= Hajiya Hassu Iro Inko =

Teacher and educator

Hajiya Hassu Iro Inko (born 10 November, 1939 - 2005) is a teacher and educator from Katsina State, Nigeria. She is regarded as the first woman to complete a degree program in Katsina State. She was the chair for Northern Women Association, Katsina chapter, and was the chair (Amira) of Muslim Women in Nigeria. She was the commissioner for the National Electional Commission in Lagos, Minna, Abuja and Kano.

== Early life and education ==
Hajiya Hassu Iro Inko was born in 1939 in the city of Kankia, Katsina State. She started her primary education in Mani from 1942 to 1944. She went to continue her education at Federal School Katsina in 1944. Then she went to Sokoto Government Girls Boarding School in 1945, then Middle School Katsina from 1946 to 1947. She then continue to Girls School at Kano from 1947 to 1949.

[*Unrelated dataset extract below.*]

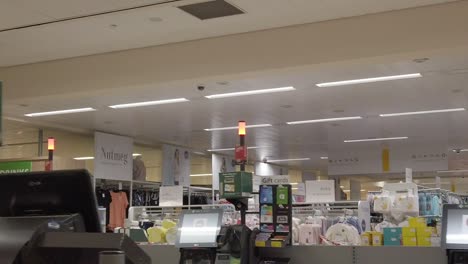 Slow-motion-interior-empty-UK-supermarket-dolly-left-passing-till-section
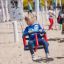 Lille pige gynger på en rød Gyngesæde babygynge på legepladsen.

Hajiya Hassu went to the Girls College, Kano (1950-51), then to the Advanced Teacher's College Zaria from 1969 to 1971 and earned a Nigerian Certificate in Education (NCE) in 1972. She earned a Diploma at the Institute of Education ABU Zaria, then earned her first degree between 1971 to 1972 at Ahmadu Bello University and became the first woman to earn an Academic Degree in Katsina State. Hajiya Hassu also studied at the University of Nottingham.

== Career ==
Hajiya Hassu started her career as an assistant teacher at Practicing School Katsina (1952–1954). Between 1954 to 1964 she was a teacher at the then Katsina Provincial School, then Headmistress at Government Girls Primary School, Katsina for 3 years (1965–1969), she headed College of Education Katsina (1973–1976), then Girls College Kabomo (1976).